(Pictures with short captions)
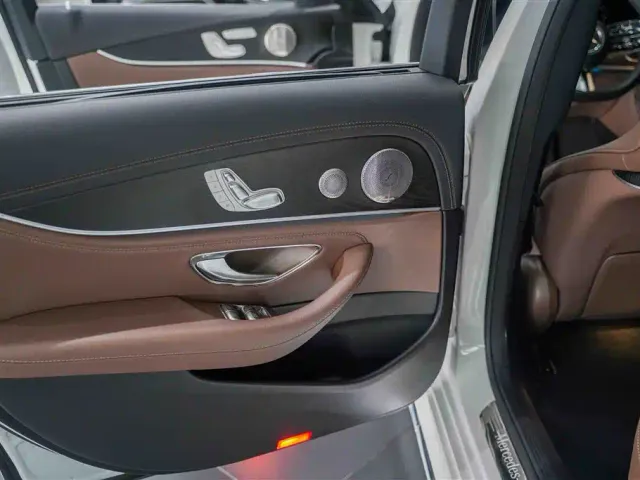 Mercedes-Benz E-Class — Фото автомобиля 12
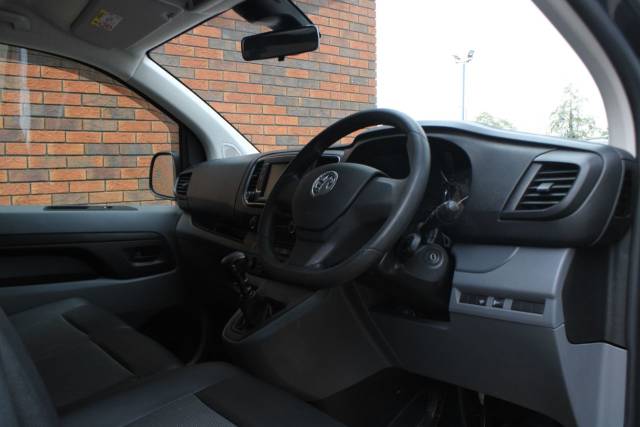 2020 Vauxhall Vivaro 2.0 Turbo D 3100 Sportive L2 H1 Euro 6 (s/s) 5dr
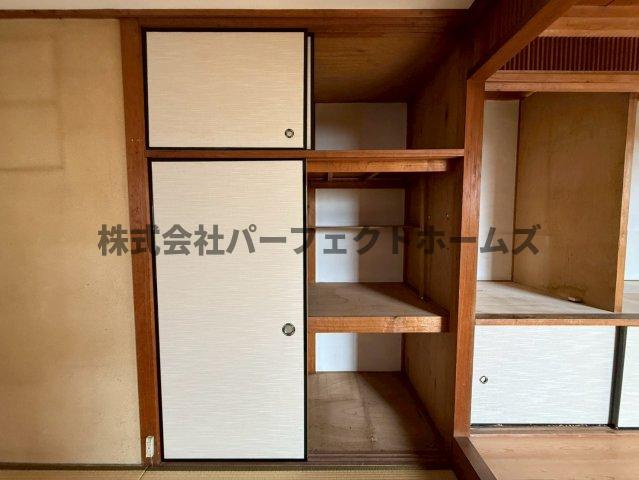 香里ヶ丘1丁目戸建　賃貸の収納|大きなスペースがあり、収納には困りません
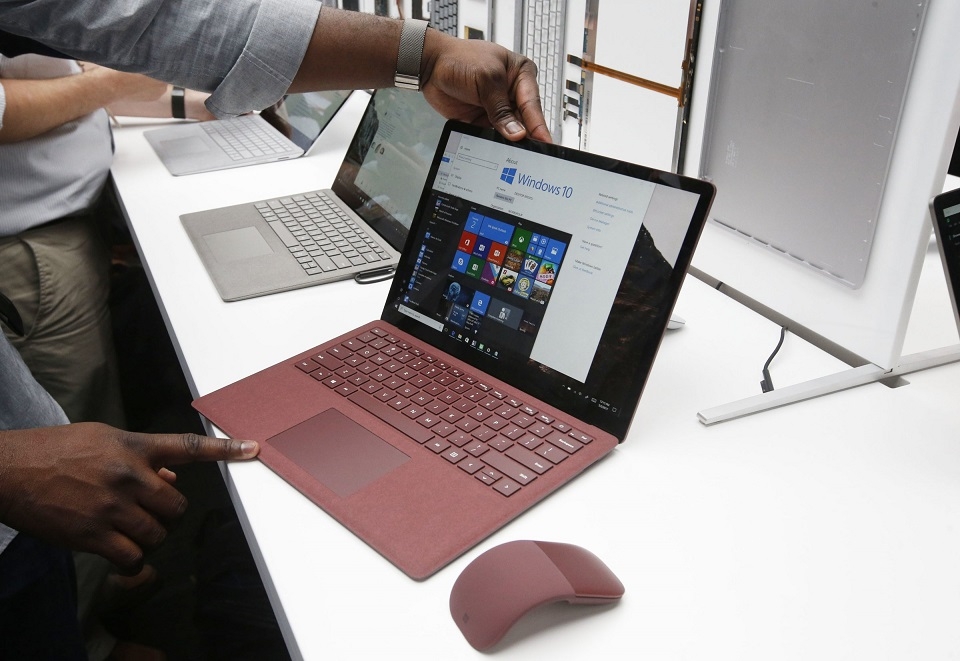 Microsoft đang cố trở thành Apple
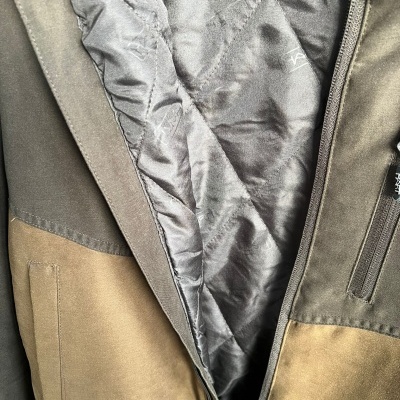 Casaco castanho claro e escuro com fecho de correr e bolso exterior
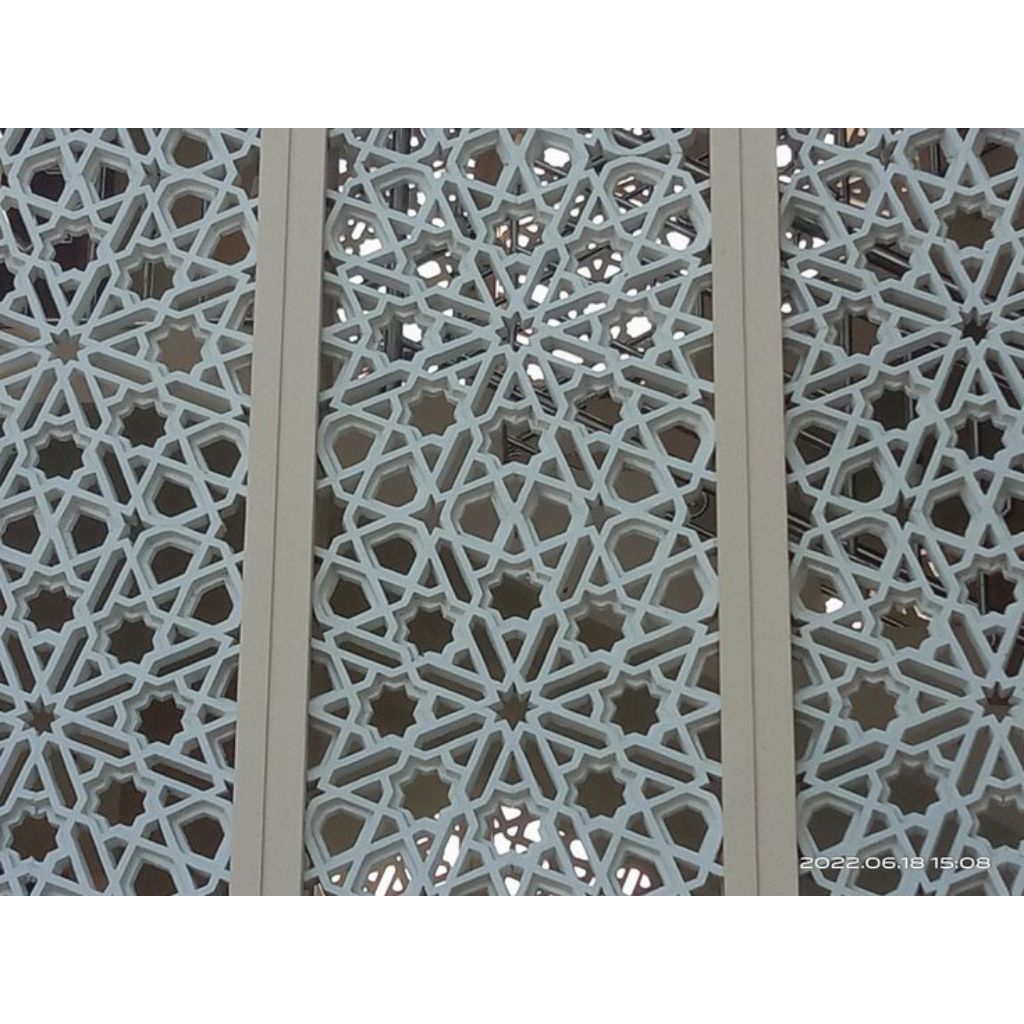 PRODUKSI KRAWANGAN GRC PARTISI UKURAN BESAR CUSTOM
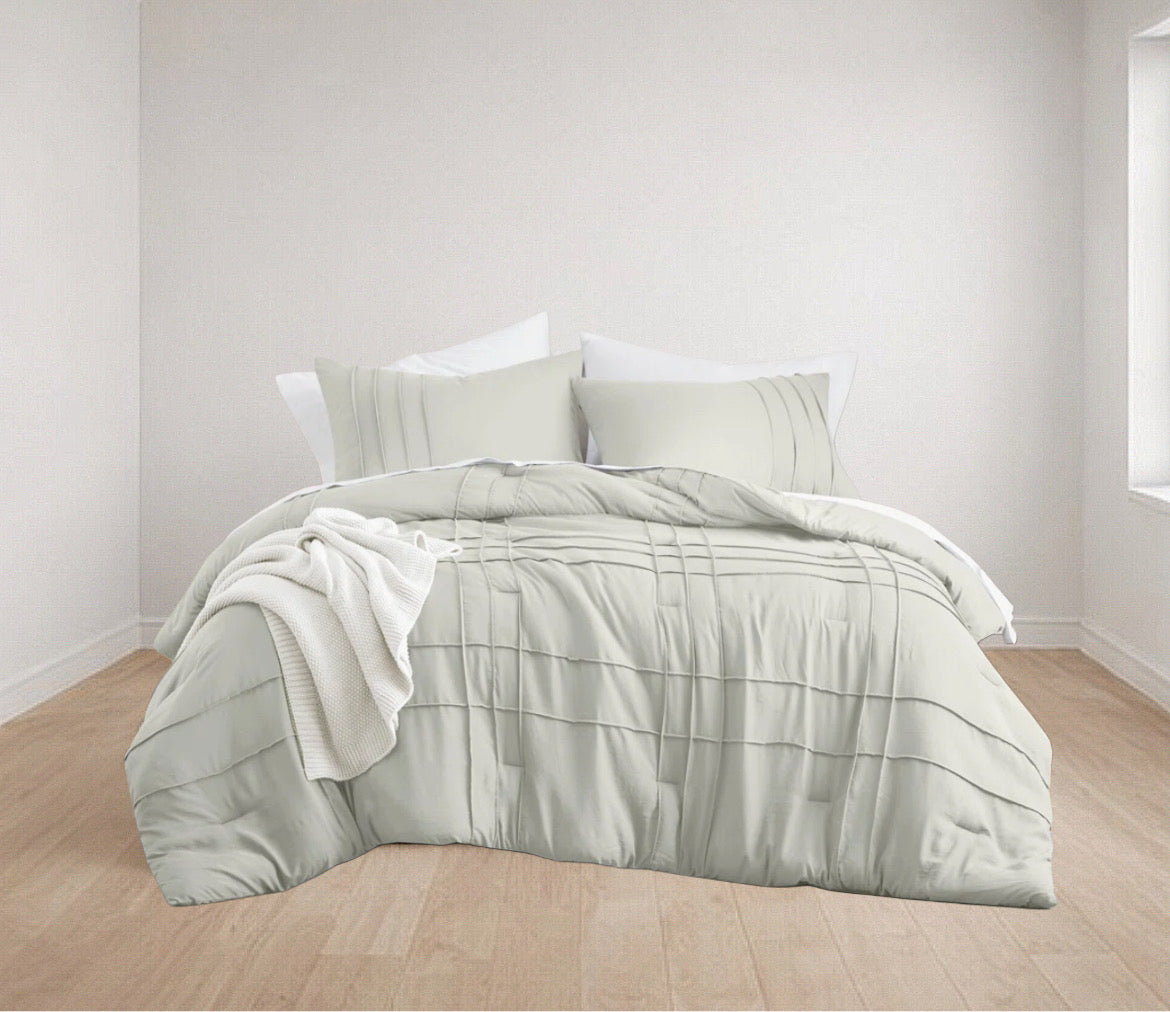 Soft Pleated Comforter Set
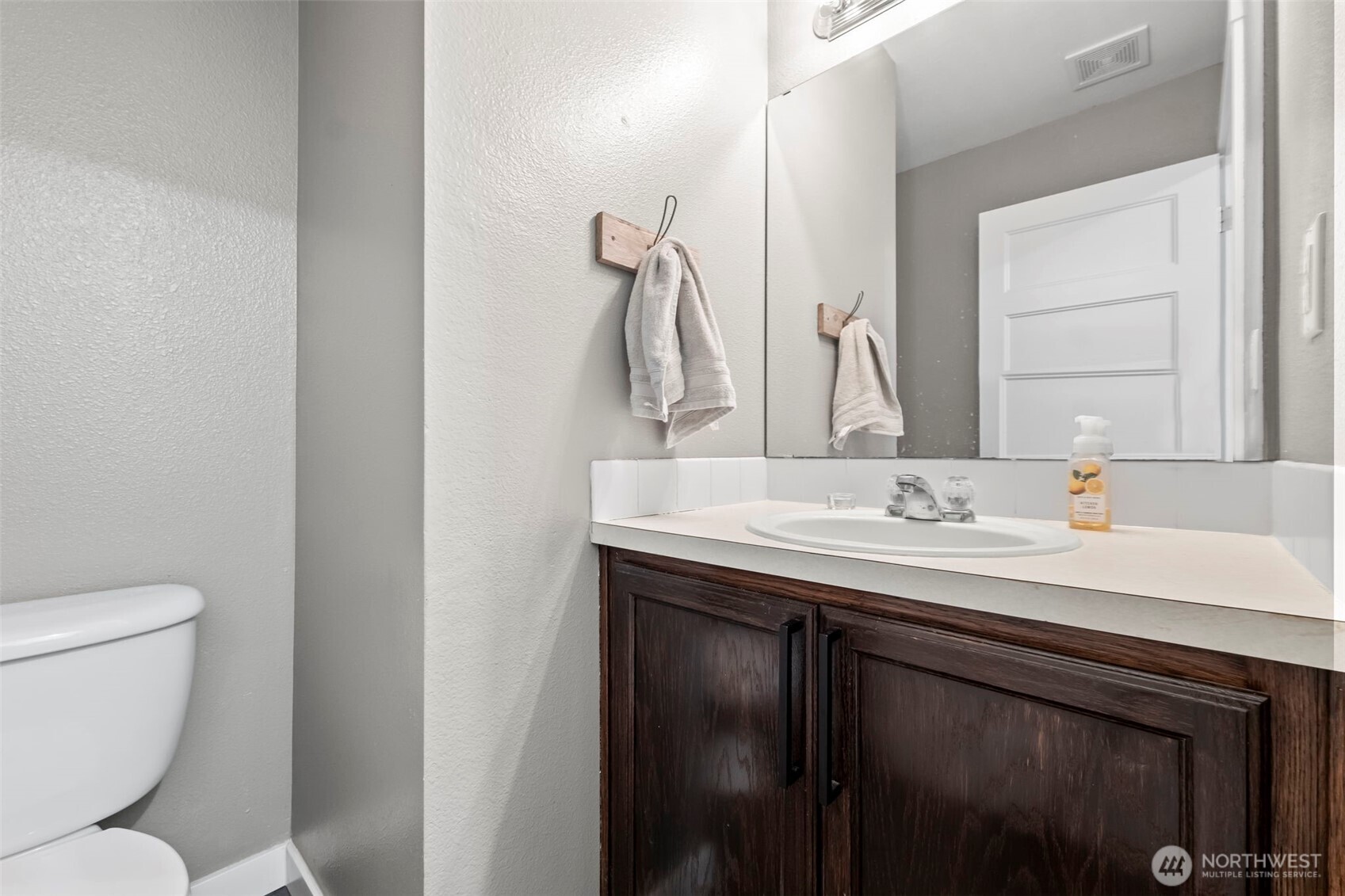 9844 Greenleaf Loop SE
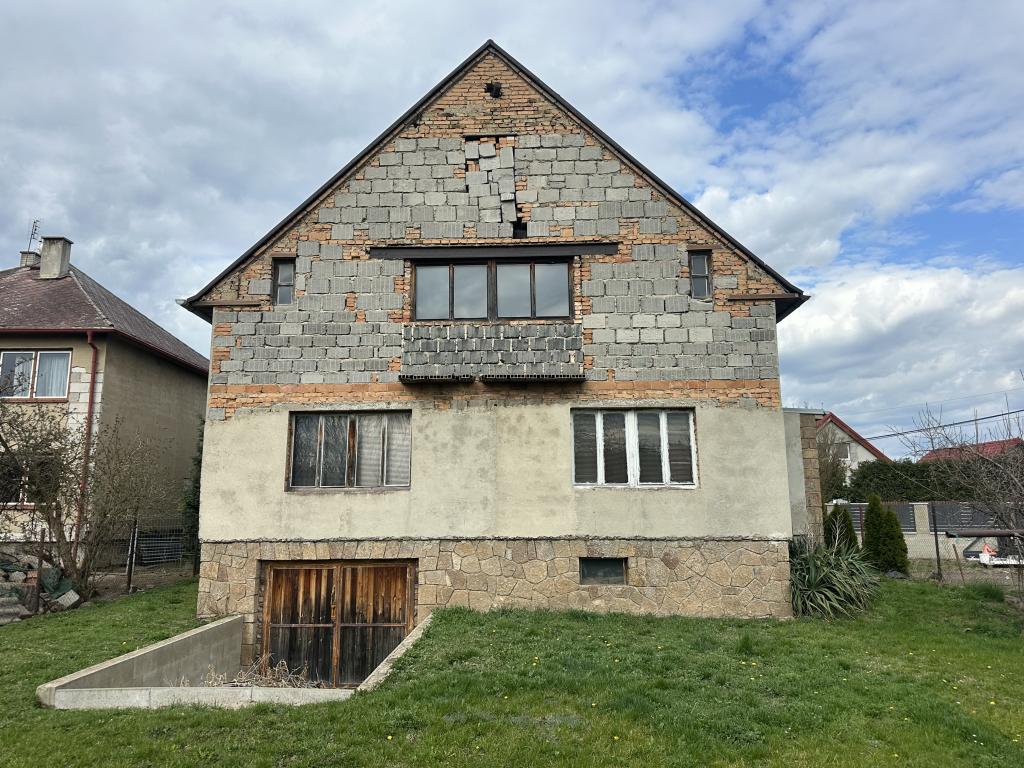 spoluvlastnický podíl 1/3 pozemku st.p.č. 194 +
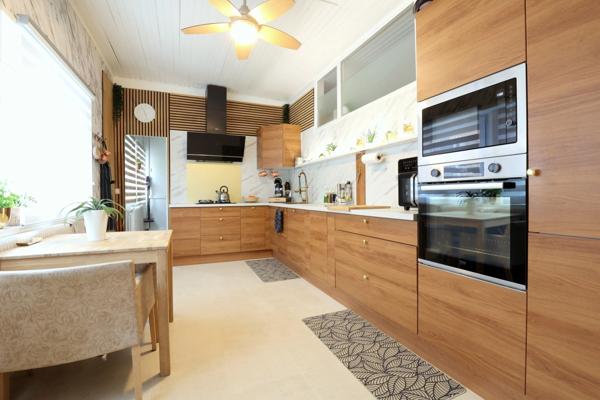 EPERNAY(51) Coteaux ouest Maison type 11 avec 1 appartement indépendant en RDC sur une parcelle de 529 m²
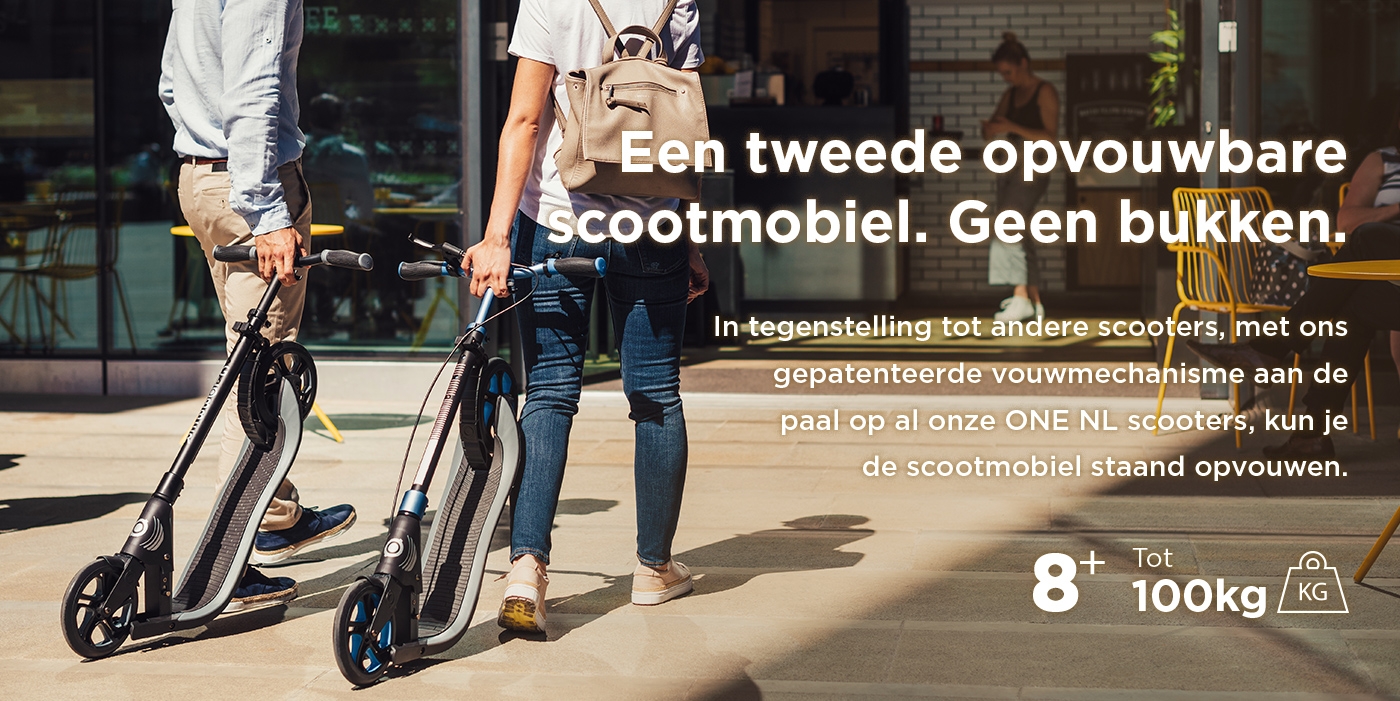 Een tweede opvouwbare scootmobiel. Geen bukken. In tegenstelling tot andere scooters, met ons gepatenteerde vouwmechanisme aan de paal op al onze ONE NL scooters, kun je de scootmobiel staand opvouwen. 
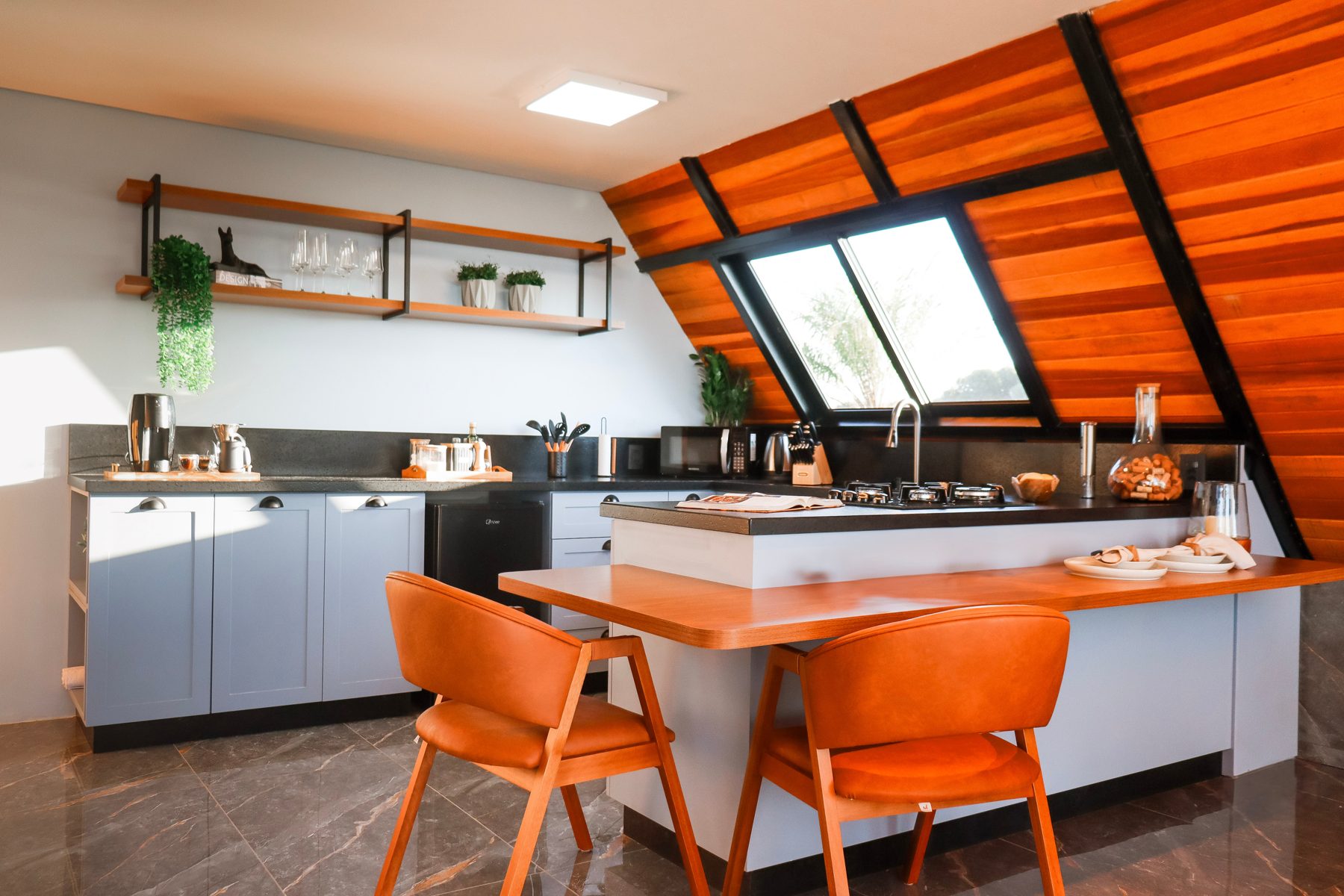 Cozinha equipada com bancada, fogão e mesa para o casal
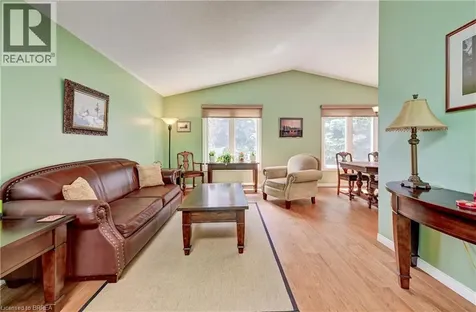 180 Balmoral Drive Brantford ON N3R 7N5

__ASSIGNMENT__:
A faithful copy of the records above, without images, is what to give back.

__THE ANSWER__:
 Mercedes-Benz E-Class — Фото автомобиля 12
 2020 Vauxhall Vivaro 2.0 Turbo D 3100 Sportive L2 H1 Euro 6 (s/s) 5dr
 香里ヶ丘1丁目戸建　賃貸の収納|大きなスペースがあり、収納には困りません
 Microsoft đang cố trở thành Apple
 Casaco castanho claro e escuro com fecho de correr e bolso exterior
 PRODUKSI KRAWANGAN GRC PARTISI UKURAN BESAR CUSTOM
 Soft Pleated Comforter Set
 9844 Greenleaf Loop SE
 spoluvlastnický podíl 1/3 pozemku st.p.č. 194 +
 EPERNAY(51) Coteaux ouest Maison type 11 avec 1 appartement indépendant en RDC sur une parcelle de 529 m²
 Een tweede opvouwbare scootmobiel. Geen bukken. In tegenstelling tot andere scooters, met ons gepatenteerde vouwmechanisme aan de paal op al onze ONE NL scooters, kun je de scootmobiel staand opvouwen. 
 Cozinha equipada com bancada, fogão e mesa para o casal
 180 Balmoral Drive Brantford ON N3R 7N5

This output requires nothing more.